PROBLEM TO SOLVE → Only the lines from the one that contains "EDUCATIONAL RESEARCH TOPICS - Mind Map" through the end of the entries, both included, should be transcribed, exactly and without pictures.
━━━ RECORDED DATA ━━━
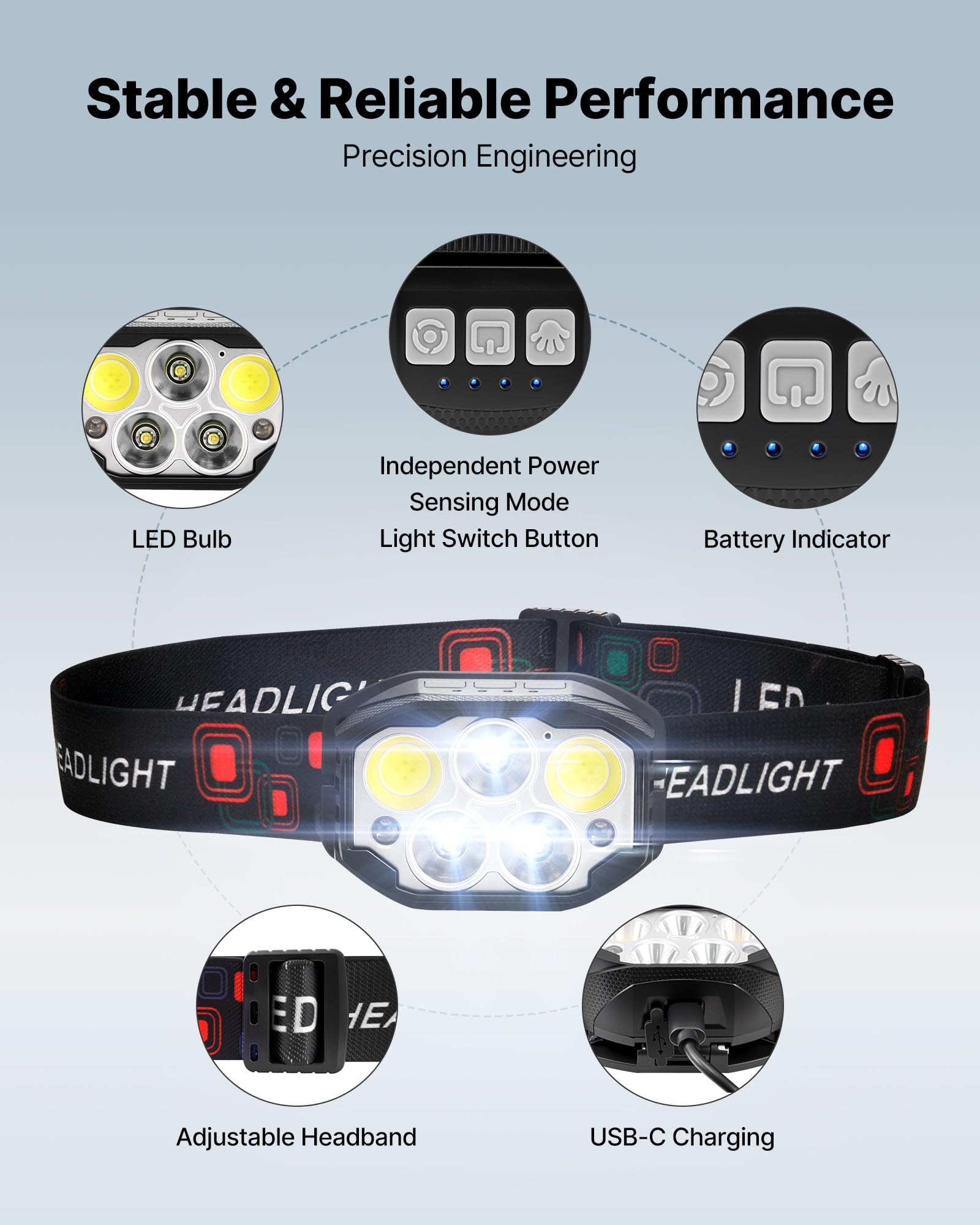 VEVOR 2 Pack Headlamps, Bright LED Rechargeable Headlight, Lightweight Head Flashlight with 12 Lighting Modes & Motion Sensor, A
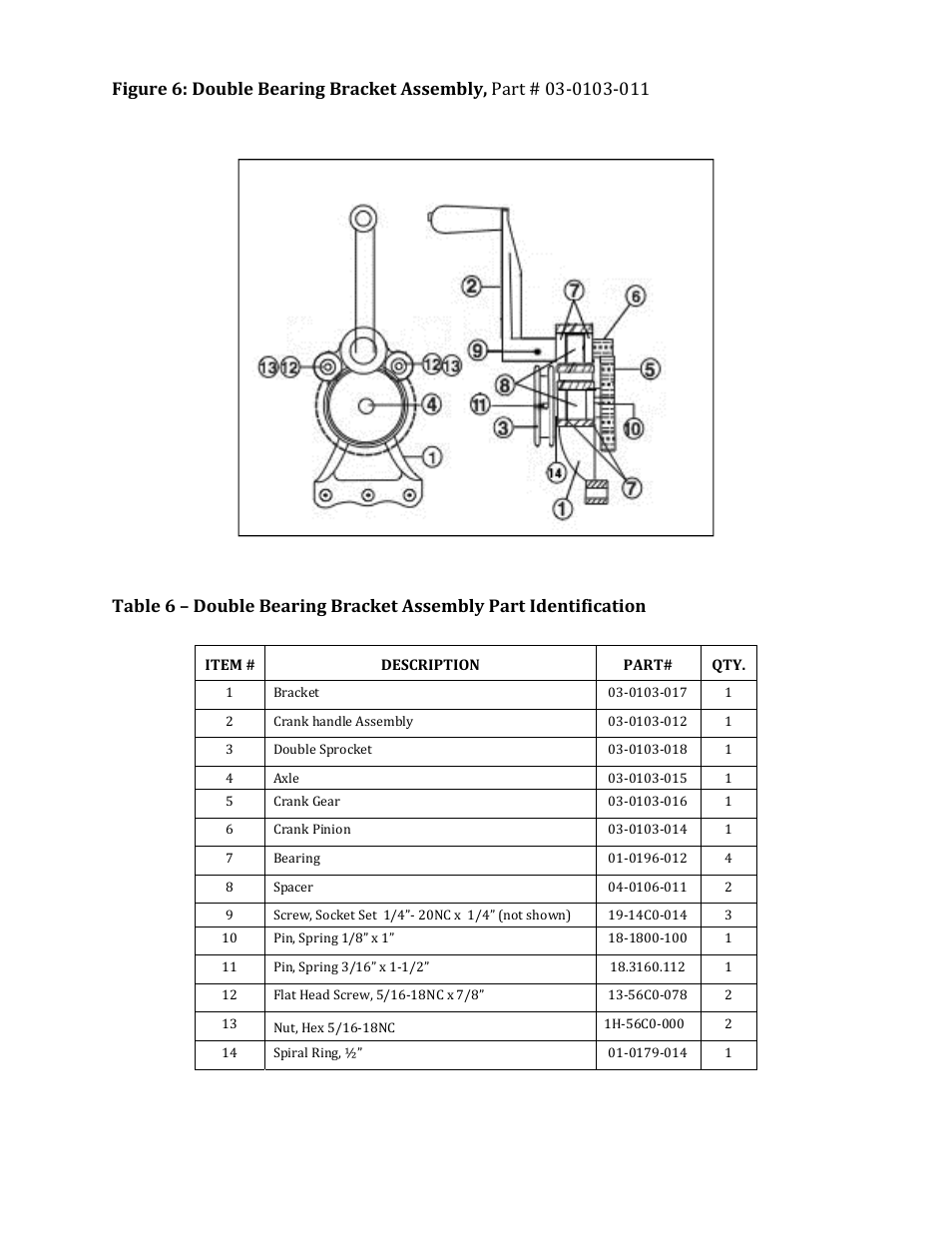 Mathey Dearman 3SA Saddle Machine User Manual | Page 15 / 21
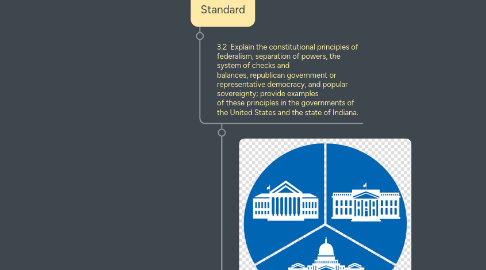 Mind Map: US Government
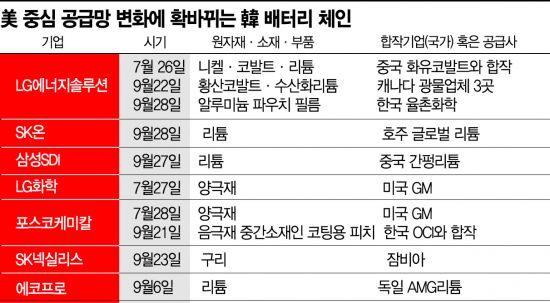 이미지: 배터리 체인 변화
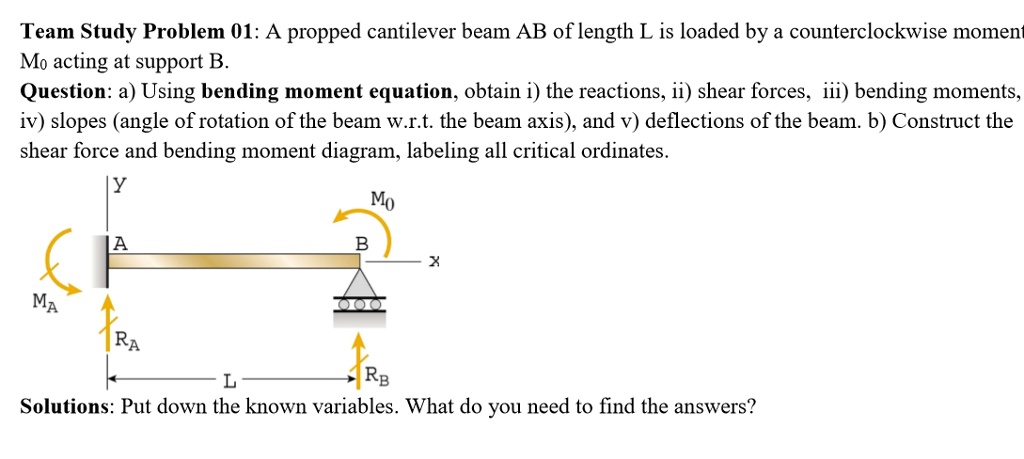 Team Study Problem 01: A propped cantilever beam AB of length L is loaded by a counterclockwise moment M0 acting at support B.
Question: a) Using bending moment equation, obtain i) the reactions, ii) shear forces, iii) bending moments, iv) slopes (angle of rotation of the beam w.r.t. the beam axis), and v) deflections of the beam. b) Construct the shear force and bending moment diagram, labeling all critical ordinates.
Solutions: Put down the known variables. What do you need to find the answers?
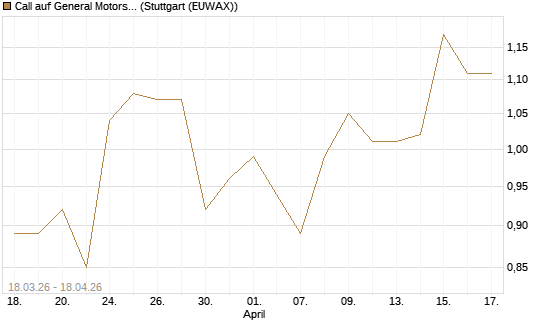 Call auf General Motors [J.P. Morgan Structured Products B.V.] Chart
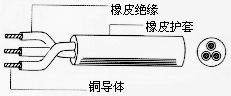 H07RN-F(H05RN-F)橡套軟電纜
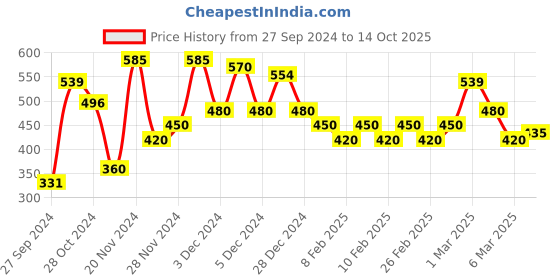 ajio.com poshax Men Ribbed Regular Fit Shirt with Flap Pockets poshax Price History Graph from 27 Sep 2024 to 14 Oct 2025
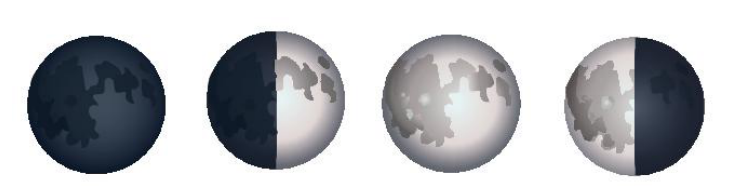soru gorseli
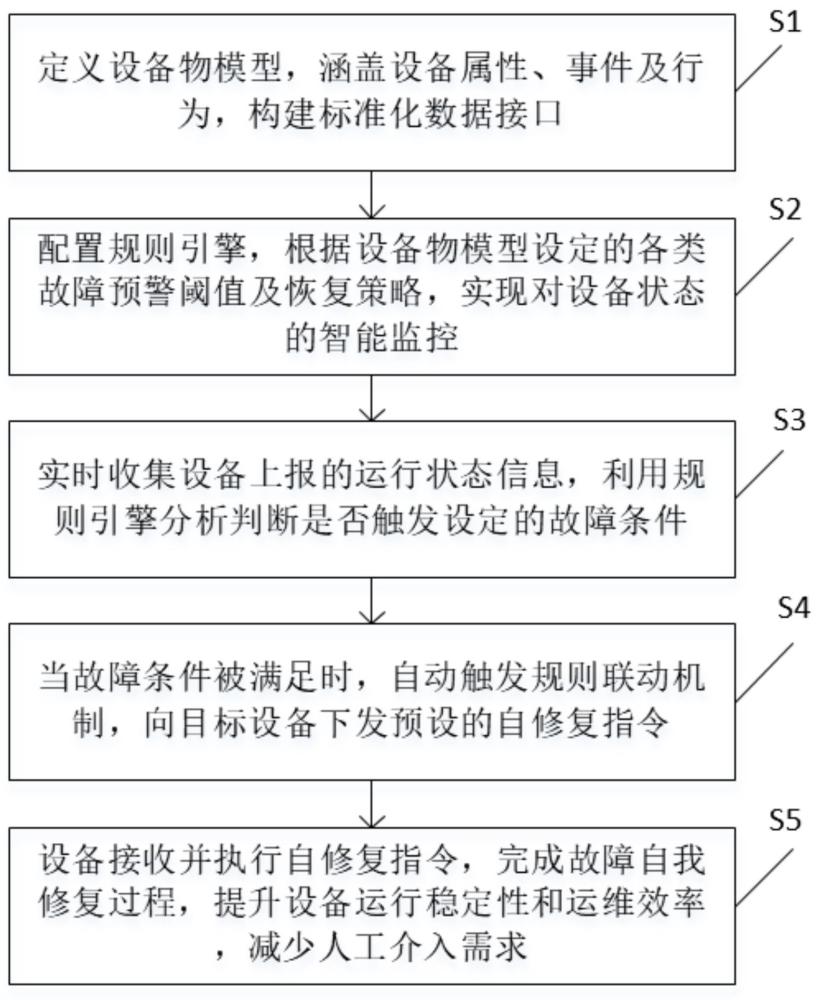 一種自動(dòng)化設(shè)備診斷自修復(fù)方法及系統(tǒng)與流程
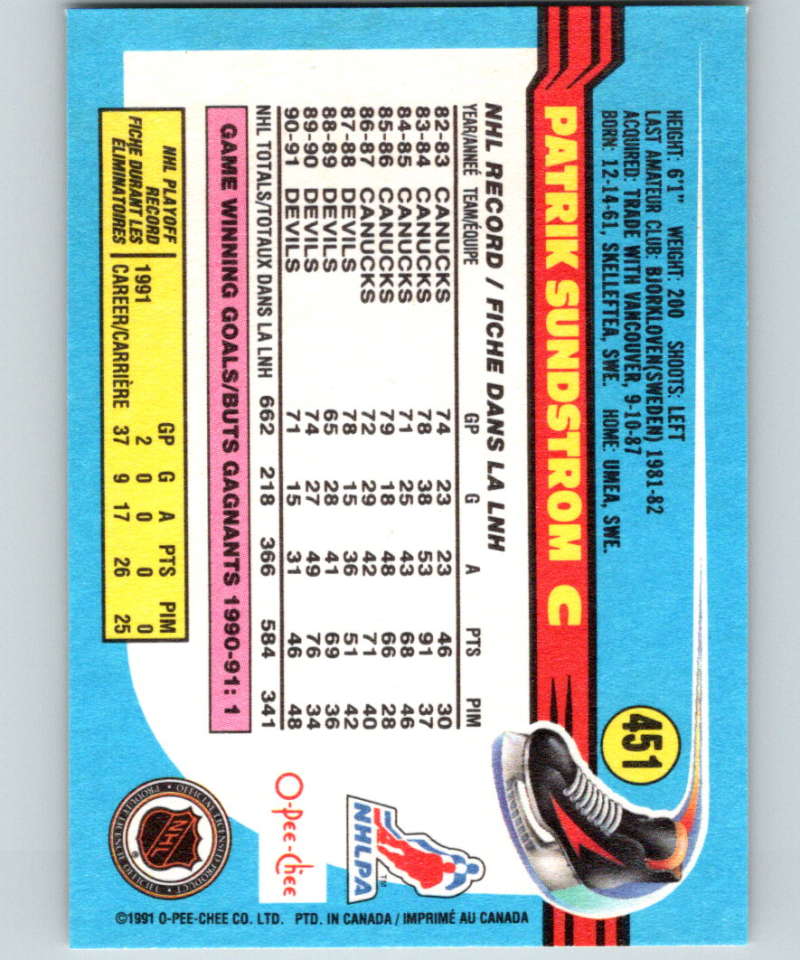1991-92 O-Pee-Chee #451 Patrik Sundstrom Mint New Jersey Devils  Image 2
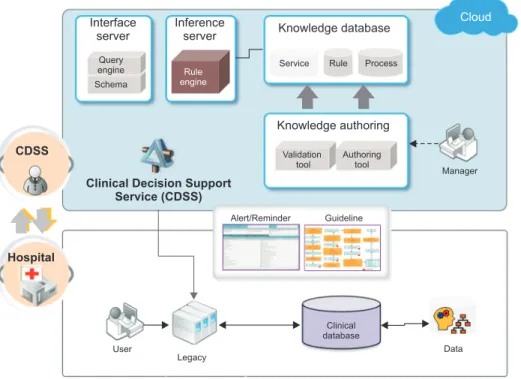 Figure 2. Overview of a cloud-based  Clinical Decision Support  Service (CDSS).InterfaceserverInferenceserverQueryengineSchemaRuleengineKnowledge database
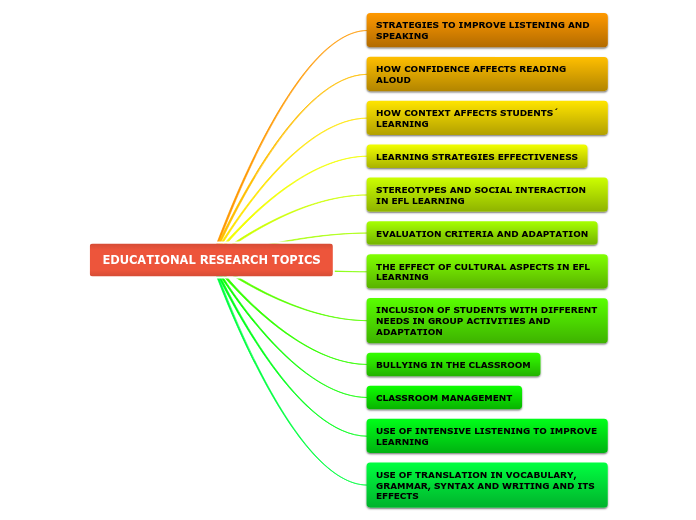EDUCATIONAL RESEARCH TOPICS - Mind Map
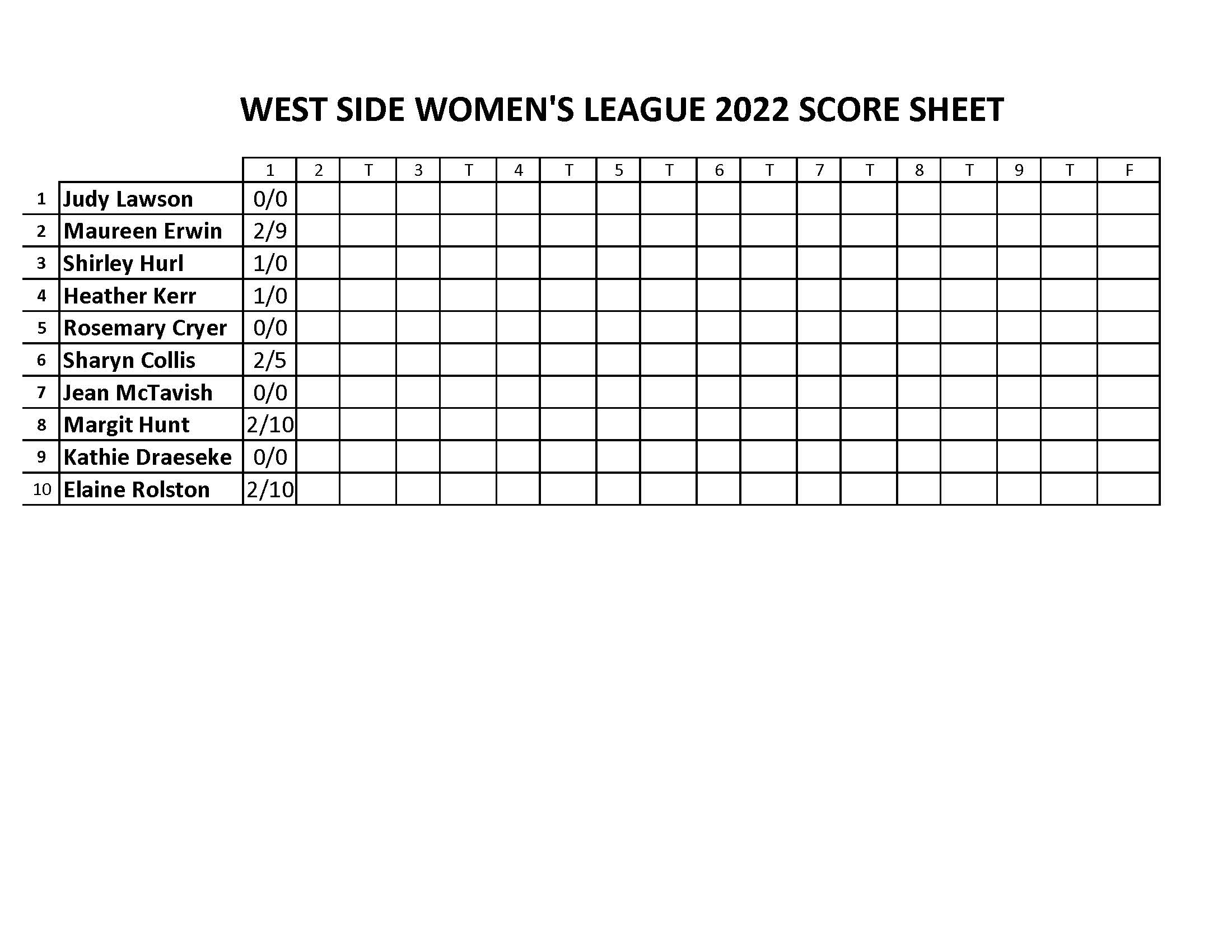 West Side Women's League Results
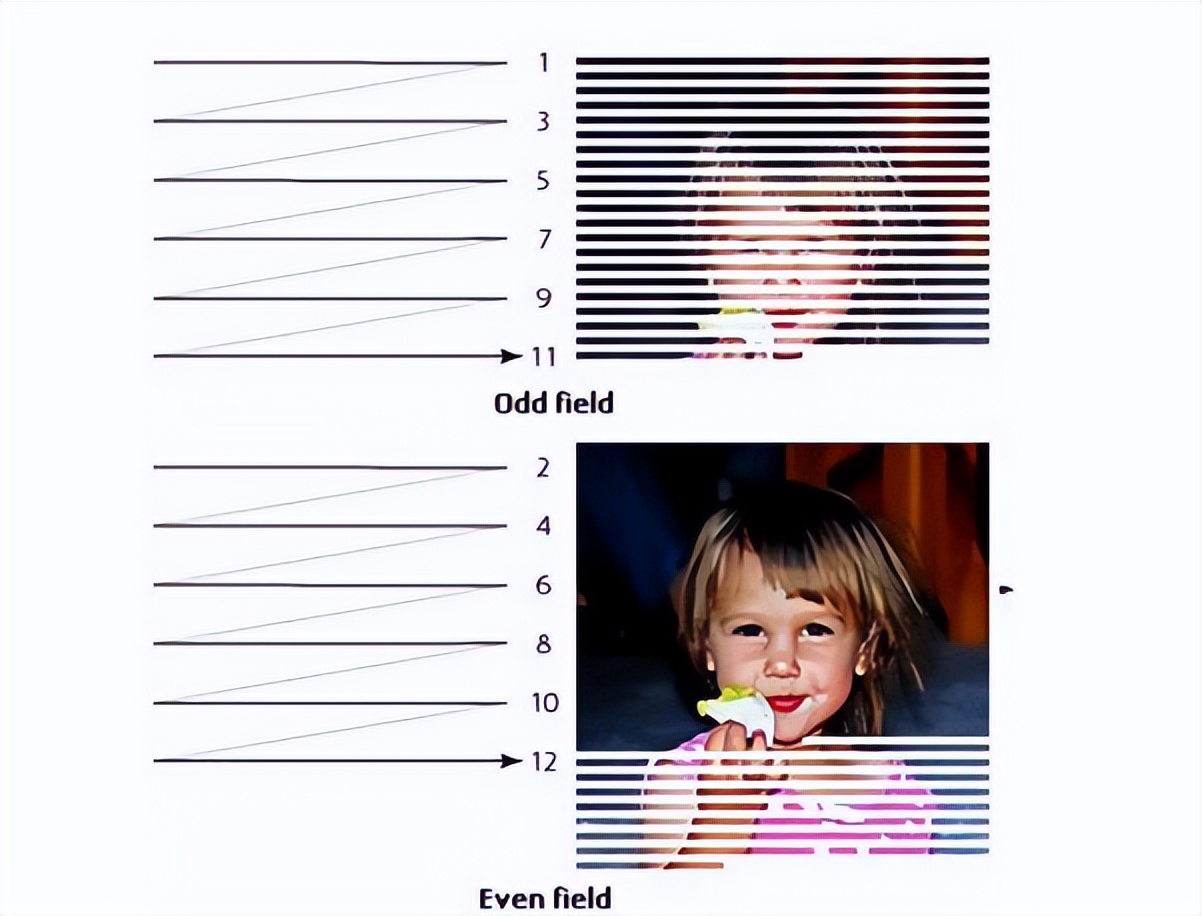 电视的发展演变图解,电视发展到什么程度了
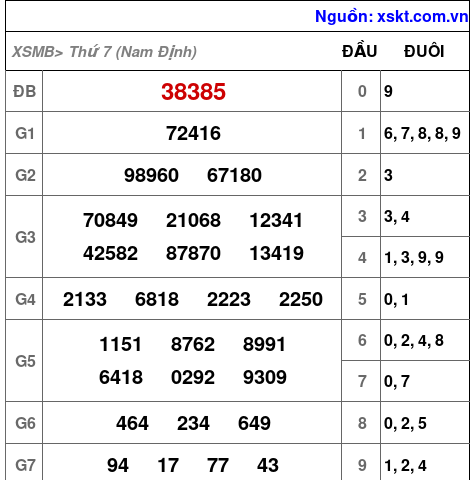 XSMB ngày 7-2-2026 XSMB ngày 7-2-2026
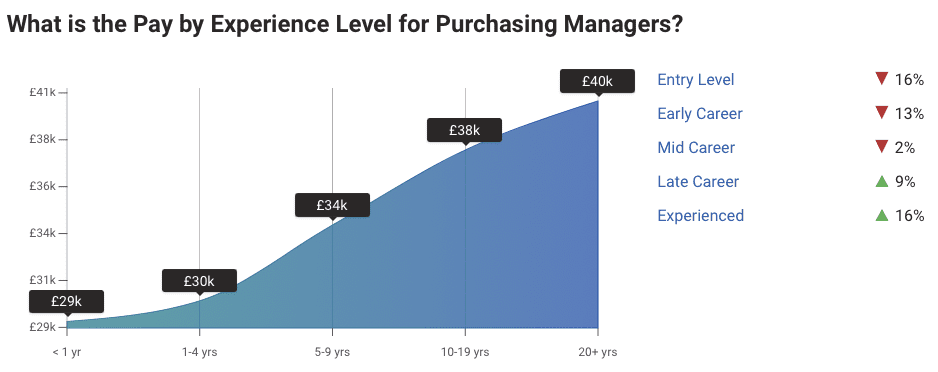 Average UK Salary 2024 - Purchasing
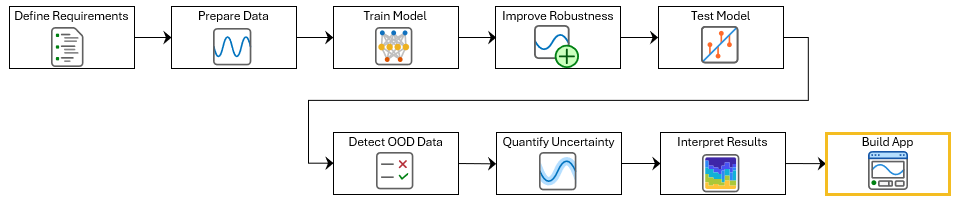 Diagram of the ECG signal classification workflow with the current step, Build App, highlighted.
━━━
EXERCISE RESULT →
EDUCATIONAL RESEARCH TOPICS - Mind Map
 West Side Women's League Results
 电视的发展演变图解,电视发展到什么程度了
 XSMB ngày 7-2-2026 XSMB ngày 7-2-2026
 Average UK Salary 2024 - Purchasing
 Diagram of the ECG signal classification workflow with the current step, Build App, highlighted.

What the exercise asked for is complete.